The Right to a Healthy Environment for the Protection of Vulnerable Communities
by Sarah Dávila-Ruhaak, Assistant Professor of Law, Director, International Human Rights Clinic, University of Illinois Chicago Law
Is there a question that our environment is worse than before and that climate change is “the greatest threat to global health in the 21st century?” The answer to that is a resounding NO. While we manage and adjust to the COVID-19 pandemic, the degradation of our environment due to climate change looms as a longer-term threat to our lives.
As a human rights activist, I believe protecting the environment is critical for the defense of human rights. The enjoyment of human rights depends on a person’s ability to live free from interference and to have his or her rights protected. The interdependence of human rights and the protection of the environment is manifested in the full and effective enjoyment of the human right to a healthy environment. The global recognition of the right to a healthy environment has progressed, but there is much more to do to pave the way for the international human right to a healthy environment. Human rights experts have argued that in order to protect the environment and human rights affected by the environment and climate change we must consider the right to a healthy environment as a possible normative tool.
Many ask, why use human rights in lieu of the extensive international environmental instruments that protect the environment? They reason these international environmental agreements that promote international environmental regulation, such as the United Nations Stockholm Declaration on the Human Environment, the 1992 United Nations Rio Declaration on Environment and Development, and many others paved the way to recognize that States have an obligation to protect the environment.
I, and many human rights scholars, postulate that an environmental human rights approach prioritizes the protection of the environment because of its significance to the full and effective enjoyment of human rights. Therefore, it is critical to complement the international environmental legal framework with international human rights, and specifically the human right to a healthy environment.
Specifically, I suggest that in order to protect vulnerable persons and communities facing environmental harm, a human rights framework – specifically the right to a healthy environment – must be used. A human rights approach complements environmental justice and recognizes that individuals and communities affected by environmental harm are right-holders entitled to protection. Individuals most vulnerable to environmental harm are often members of poor, rural, and disenfranchised communities. Global data shows that “more than two thirds of extremely poor people in low income countries and lower-middle income countries live in households where the head of households is from an ethnic minority group.” When there is environmental harm or degradation, vulnerable persons or communities are prevented from accessing basic natural resources, clean water and sanitation, adequate housing, food security, and access to health and medical assistance.

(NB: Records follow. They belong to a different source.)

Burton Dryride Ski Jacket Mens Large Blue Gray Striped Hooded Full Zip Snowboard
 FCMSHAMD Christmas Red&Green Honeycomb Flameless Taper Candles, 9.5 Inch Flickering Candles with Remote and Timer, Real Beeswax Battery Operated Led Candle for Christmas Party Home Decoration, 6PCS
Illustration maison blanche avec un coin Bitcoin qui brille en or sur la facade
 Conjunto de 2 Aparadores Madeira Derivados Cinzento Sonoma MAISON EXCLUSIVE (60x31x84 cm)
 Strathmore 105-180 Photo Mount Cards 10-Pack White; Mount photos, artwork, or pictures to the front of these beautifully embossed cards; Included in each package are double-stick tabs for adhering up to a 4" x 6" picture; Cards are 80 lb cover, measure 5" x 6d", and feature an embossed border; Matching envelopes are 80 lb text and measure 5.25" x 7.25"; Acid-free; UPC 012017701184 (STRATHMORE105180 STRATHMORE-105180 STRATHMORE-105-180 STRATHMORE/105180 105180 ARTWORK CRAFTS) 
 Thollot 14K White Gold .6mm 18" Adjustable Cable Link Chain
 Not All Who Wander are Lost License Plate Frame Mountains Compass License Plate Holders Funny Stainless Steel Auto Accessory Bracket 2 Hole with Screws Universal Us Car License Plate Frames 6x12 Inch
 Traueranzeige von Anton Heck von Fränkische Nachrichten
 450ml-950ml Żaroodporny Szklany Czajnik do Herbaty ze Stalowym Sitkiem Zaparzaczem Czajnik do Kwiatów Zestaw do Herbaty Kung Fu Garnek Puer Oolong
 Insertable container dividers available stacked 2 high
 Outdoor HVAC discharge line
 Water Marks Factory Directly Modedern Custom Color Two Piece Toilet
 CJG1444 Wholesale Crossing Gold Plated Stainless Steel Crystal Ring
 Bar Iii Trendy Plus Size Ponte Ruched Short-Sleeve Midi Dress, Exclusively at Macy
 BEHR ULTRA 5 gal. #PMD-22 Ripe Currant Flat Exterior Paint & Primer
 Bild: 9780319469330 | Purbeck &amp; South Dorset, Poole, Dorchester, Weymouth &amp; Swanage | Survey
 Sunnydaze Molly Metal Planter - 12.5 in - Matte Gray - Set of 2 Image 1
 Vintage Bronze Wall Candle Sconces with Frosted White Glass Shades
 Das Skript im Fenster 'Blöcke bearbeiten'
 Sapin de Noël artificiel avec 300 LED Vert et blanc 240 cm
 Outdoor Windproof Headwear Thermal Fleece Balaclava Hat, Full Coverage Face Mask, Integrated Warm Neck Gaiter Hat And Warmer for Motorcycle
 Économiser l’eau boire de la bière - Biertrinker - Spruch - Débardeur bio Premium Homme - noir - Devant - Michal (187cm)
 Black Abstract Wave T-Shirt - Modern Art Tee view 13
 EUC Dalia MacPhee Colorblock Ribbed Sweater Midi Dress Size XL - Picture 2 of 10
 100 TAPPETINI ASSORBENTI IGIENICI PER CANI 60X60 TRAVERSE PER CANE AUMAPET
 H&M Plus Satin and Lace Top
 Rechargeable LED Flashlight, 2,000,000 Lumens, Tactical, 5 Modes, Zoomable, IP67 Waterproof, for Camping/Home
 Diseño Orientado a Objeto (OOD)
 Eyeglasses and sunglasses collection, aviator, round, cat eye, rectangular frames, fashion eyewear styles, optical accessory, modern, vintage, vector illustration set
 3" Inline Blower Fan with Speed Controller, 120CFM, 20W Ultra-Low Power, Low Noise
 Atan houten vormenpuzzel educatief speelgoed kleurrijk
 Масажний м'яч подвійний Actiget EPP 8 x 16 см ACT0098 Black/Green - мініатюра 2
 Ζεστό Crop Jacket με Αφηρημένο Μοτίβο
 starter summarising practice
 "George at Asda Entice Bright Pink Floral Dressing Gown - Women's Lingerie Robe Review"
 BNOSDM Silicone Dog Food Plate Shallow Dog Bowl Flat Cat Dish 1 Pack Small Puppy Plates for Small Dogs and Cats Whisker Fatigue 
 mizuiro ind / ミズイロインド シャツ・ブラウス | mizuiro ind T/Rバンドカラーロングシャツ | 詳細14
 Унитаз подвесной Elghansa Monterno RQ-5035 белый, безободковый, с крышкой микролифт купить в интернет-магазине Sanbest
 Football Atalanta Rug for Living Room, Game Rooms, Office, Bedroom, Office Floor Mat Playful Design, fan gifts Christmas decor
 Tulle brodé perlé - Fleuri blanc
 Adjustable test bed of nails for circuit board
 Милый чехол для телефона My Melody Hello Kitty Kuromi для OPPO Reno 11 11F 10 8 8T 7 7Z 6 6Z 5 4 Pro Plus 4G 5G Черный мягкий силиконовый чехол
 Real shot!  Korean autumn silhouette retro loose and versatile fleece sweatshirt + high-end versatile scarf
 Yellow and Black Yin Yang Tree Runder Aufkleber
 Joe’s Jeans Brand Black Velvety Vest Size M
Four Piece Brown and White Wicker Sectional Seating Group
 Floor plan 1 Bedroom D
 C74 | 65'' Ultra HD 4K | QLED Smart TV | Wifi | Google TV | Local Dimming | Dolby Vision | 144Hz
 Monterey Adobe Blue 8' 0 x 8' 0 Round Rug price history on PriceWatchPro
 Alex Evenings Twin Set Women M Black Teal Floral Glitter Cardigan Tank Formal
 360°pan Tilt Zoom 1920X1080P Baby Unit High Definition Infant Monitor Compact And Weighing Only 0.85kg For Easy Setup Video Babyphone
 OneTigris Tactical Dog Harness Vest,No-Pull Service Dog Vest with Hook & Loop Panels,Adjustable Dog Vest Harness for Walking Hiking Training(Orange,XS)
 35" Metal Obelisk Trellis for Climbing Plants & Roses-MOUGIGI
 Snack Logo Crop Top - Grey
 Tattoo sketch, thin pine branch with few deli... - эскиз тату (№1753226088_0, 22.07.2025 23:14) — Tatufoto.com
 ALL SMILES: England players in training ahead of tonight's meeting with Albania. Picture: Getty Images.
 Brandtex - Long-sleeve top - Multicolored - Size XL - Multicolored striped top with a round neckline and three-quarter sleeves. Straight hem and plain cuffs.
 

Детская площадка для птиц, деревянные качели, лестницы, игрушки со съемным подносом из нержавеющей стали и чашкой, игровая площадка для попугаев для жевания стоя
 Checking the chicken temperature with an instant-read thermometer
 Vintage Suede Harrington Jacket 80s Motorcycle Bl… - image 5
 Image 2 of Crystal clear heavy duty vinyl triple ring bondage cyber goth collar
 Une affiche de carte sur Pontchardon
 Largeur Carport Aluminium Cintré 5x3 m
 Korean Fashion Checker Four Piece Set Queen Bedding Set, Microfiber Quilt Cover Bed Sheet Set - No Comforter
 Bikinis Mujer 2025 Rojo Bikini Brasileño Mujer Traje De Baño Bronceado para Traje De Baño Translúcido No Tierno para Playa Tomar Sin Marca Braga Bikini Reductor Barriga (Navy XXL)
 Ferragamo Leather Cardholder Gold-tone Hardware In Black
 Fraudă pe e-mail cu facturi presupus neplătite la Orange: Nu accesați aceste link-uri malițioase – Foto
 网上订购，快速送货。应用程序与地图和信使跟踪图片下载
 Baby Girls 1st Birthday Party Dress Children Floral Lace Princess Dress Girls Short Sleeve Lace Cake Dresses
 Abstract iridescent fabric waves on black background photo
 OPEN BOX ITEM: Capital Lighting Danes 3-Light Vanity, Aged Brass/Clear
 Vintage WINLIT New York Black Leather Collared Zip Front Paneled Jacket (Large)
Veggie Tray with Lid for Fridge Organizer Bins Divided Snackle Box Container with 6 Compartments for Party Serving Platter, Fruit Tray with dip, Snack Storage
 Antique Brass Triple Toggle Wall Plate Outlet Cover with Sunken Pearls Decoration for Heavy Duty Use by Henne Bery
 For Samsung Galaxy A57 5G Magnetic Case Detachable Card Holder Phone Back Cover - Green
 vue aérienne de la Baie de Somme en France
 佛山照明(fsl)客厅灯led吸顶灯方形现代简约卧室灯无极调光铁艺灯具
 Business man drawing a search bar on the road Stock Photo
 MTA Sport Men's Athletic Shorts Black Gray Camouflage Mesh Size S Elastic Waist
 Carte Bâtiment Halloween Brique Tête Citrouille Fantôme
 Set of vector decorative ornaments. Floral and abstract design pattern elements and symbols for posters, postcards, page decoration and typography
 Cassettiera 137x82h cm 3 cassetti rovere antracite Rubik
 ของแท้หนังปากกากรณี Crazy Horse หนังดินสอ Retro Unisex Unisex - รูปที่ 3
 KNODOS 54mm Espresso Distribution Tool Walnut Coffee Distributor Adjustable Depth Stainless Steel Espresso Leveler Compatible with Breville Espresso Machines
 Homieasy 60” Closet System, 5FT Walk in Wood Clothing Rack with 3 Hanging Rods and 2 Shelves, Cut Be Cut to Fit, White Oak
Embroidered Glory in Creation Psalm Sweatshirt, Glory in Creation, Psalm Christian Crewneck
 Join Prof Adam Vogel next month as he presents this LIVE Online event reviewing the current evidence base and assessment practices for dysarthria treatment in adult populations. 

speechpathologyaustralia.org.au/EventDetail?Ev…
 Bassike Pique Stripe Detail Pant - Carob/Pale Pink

The World Health Organization estimated that in 2012, over 1.7 million children under the age of five died of exposure to environmental pollution and toxic chemicals.
In this article, I examine how vulnerable communities in Puerto Rico suffer persistent and serious environmental harm due to the mismanagement and improper disposal of coal-ash. This environmental disaster in Puerto Rico is the result of improper disposal and mismanagement of coal-ash, compounding vulnerability, powerlessness, and humanitarian disasters. This contamination and environmental harm has taken place over the last decade; however, Puerto Ricans have been exposed to serious environmental harm since the 1950s.
In the last couple of decades, the has been responsible for pollution and the complete disregard of human life of communities living in the southern municipalities of Puerto Rico near the AES coal-based power plant. The Puerto Rican government has been complicit in this complete disregard for human life.